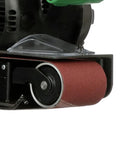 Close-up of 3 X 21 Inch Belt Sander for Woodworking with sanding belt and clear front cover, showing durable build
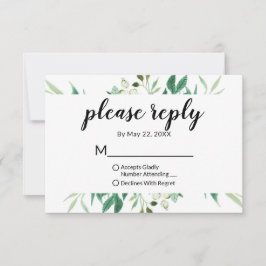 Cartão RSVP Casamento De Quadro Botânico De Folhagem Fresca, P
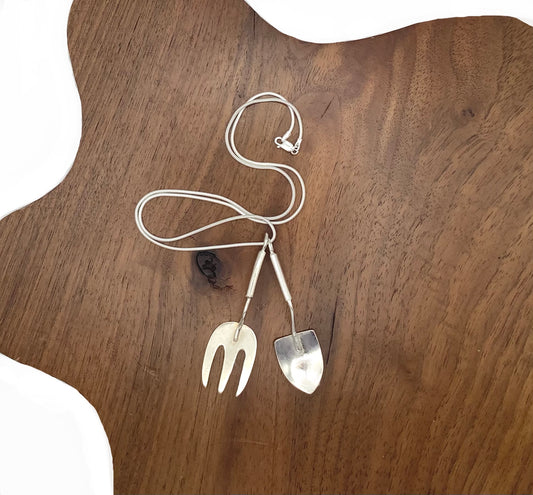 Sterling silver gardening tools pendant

════════

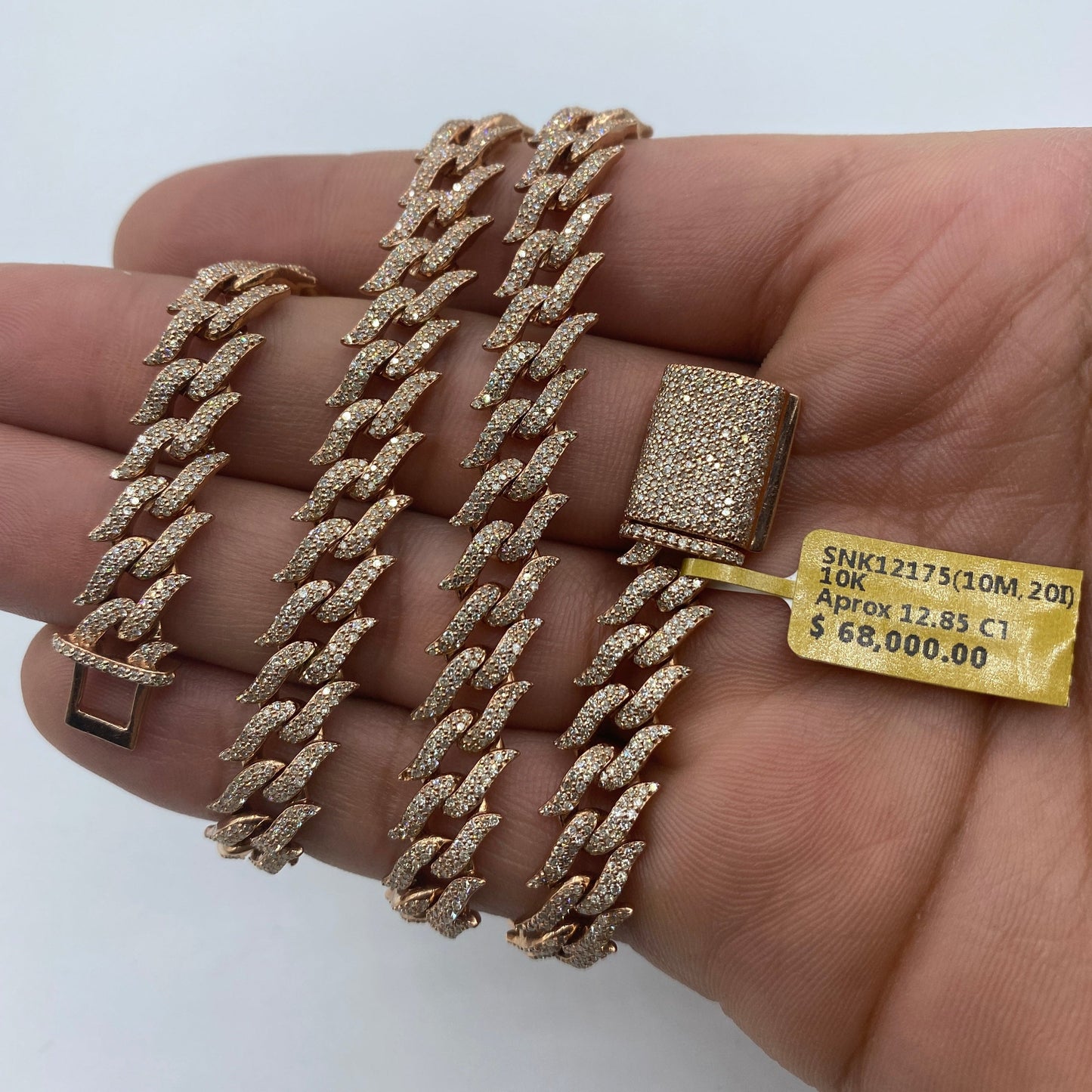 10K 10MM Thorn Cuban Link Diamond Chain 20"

════════

• **Task instructions**
Given the listing above, repeat exactly the lines starting at the one with "Cartão RSVP Casamento" and ending at the one with "Sterling silver gardening tools pendant", inclusive, excluding pictures.

• **Written solution**
 Cartão RSVP Casamento De Quadro Botânico De Folhagem Fresca, P
 Sterling silver gardening tools pendant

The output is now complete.